タイトル「Water Ripples」(ジャンル:AQUA スペース:D−10)
主人公、美樹・M・モデルニは水の惑星アクアに住む、水先案内人(ウンディーネ)を目指す半人前の少女。
しかし彼女の勤める水先案内店「ジョリークラブ」は万年赤字経営で倒産寸前、社長のネコさんも居なければプリマ(一人前)も居ない、もはや風前の灯。

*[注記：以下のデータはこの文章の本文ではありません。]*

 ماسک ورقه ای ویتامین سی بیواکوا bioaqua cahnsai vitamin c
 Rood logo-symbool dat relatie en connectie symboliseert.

美樹も半人前ゆえの生活苦から、専ら副業のパン屋のお手伝いばかりの毎日……同級生の友人らが一人前と自立していく中、えも知れぬ不安が彼女を苛める。
「私はプリマになれるんだろうか……」
もはや美樹ひとりとなったジョリークラブの看板に見切りをつけ、他のお店へと鞍替えすればプリマへの近道とはなるのは明らかなのは、美樹にも十分に理解している事だ。
年中閉じたままの事務所の雨戸、ビニールシートをかけられた白いゴンドラ、並んだオールにはホコリがつもり、クローゼットに並んだいくつもの制服……
かつて栄えたであろう看板は、美樹一人が孤軍奮闘する今はもう見る影もない。
水の惑星アクアは梅雨時の「アクアアルタ」も過ぎ、やがて本格的な夏が訪れようとしていた。
遠くに見える柔らかな緑は、少しづつくっきりはっきりと色を強めて来ている。 水平線に顔を出した入道雲も力強い。
美樹は今日も太陽の昇らないうちからパン屋の仕事へと向かう。
……明日が見えない、そんな不安から目をそらしながら美樹は今日も歩く。